You know how it is. You spend the best part of a year planning your holiday in all its minutest, what-is-the-tipping-etiquette detail, daily tweaking the itinerary with currency-conversion precision. And then when you get there, you’re so out of breath from traveller fatigue that you don’t want to do anything at all.

For the best part of two weeks, that is what I did: nothing at all. I just sat, ate and drank. The sights I had planned to see remained unseen. I read one chapter out of the six books I had packed for the journey – actually, it wasn’t a chapter but the prologue. I didn’t spend much of my daily conversation allocation and only spoke to the ice cream tub, trying to convince it to turn from vanilla to pistachio and honey because I couldn’t be bothered to get up and swap flavours.

After two weeks, I had gained five kilos and was looking like a soap opera whose producer had sacked all the writers because there was nothing else to do or say. Did the time-out massage my brain? Yes it did, to the point of turning it to sludge. In the post-holiday week, until the challenge of the daily grind caught up with me, I was too comatose to think. And my brain felt like a sponge. Not a new one that absorbs all knowledge, but an old and dirty one that squelches at the bottom of the sink, plugging the flow of water.

The moral of the story is that to function effectively and efficiently, we need to be under the right amount of stress. Things have to be difficult because the absence of a challenge dulls the brain.

In 1966, the Beatles were considering the possibility of going to the US to record their next album. The reason was that the equipment in US studios was more advanced than any UK studio could boast of. In fact, the Beatles’ greatest music rivals, the Rolling Stones, had just recorded their album Aftermath in Los Angeles, with spectacular results. However, recording an album in a US studio proved to be too expensive for the Beatles, who had to make do with the inferior equipment at Abbey Road Studios.

In the two years that followed, the Beatles recorded some of their best music, despite the equipment they had at their disposal. They managed to counterbalance technical inferiority with superior human effort.

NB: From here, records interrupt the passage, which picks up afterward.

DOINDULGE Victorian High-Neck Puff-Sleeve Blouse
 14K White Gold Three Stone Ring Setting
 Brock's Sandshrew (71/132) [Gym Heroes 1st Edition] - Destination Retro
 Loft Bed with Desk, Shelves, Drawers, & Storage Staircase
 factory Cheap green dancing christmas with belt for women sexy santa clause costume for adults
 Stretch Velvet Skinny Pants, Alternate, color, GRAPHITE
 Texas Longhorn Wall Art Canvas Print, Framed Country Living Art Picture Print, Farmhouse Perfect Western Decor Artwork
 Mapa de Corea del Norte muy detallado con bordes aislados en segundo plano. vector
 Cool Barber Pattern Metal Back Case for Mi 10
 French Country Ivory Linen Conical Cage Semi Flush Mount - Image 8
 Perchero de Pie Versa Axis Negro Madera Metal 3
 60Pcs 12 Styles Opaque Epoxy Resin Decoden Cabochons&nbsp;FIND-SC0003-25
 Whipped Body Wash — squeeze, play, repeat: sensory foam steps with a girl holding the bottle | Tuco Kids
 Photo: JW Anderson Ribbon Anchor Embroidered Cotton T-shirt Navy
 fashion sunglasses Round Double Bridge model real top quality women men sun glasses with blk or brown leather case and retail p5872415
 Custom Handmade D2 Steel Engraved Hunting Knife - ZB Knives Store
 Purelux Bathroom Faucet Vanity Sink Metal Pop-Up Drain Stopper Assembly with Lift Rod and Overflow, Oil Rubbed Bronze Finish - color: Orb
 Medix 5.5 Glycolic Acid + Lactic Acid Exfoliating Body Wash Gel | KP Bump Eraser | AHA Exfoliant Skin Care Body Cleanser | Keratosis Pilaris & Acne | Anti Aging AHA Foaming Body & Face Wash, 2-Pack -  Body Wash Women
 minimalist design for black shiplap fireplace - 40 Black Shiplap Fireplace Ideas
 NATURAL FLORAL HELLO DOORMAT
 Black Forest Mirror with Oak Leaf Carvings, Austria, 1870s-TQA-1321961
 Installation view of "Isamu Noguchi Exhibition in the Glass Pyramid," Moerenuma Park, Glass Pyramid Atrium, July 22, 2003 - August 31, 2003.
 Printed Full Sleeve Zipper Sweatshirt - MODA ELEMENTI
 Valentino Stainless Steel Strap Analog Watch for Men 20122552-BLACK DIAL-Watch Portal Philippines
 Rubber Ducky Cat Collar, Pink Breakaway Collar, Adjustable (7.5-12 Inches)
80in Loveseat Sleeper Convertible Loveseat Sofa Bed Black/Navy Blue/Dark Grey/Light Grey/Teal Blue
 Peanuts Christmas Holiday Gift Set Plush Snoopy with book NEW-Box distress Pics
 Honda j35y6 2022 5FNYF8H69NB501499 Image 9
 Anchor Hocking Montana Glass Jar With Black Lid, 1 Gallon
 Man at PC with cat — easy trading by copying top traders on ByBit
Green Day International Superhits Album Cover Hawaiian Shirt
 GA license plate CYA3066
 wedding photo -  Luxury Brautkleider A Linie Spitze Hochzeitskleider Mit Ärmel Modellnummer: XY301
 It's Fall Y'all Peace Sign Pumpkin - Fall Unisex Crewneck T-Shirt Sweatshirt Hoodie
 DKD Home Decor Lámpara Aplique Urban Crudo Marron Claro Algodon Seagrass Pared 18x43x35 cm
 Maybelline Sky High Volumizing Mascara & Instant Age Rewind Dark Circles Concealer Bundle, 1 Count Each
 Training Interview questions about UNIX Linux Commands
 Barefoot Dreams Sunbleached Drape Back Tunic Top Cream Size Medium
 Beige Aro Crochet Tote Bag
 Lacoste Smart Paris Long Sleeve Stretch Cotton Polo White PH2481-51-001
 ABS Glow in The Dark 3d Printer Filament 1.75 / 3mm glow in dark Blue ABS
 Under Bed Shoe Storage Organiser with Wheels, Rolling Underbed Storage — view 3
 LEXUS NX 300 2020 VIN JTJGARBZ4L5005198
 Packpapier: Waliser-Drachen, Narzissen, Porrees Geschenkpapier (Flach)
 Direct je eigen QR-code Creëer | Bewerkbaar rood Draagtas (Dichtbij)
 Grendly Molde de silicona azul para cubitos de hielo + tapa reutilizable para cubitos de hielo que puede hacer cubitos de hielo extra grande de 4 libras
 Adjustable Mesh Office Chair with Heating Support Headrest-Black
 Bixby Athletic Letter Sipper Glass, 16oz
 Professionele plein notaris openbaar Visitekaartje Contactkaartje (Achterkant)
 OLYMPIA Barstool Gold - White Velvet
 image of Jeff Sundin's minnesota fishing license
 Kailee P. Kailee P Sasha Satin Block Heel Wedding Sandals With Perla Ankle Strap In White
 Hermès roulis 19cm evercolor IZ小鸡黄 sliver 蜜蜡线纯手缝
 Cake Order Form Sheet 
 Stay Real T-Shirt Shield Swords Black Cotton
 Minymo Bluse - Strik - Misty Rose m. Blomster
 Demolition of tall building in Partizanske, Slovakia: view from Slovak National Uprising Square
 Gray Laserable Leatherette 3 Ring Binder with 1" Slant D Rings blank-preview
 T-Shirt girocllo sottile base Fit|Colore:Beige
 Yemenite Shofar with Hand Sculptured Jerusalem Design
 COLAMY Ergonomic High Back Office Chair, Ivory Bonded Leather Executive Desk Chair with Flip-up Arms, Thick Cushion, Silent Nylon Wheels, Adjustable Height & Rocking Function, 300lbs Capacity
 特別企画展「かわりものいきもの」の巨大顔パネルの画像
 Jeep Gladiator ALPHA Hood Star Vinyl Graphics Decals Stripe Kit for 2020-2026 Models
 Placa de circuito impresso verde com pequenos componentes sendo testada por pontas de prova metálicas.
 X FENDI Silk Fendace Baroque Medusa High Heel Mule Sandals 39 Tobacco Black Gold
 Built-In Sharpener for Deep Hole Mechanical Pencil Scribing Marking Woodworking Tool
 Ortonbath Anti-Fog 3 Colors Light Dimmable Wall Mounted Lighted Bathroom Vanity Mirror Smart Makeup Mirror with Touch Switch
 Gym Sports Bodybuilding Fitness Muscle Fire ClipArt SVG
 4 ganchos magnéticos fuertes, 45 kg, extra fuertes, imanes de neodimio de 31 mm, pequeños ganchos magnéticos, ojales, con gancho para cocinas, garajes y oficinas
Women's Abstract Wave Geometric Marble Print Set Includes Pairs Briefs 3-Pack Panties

Obstacles make us more productive and creative. A study conducted by Virginia Berninger, a University of Washington professor of educational psychology, showed how children are more productive and creative when they use pen and paper instead of the easier keyboard option. And in 2014, scientists from the University of Amsterdam observed how people who are forced to cope with obstacles react by taking the proverbial step back and seeing the bigger picture.

Difficulty pays dividends. I’m not saying that you should make things difficult for yourself. However, the disappearance of obstacles and the availability of everything at the click of a button makes things too easy and dulls the brain. Remind yourself that obstacles can be good. Every once in a while, do some research at the library, write with a pen, and choose the path of more resistance.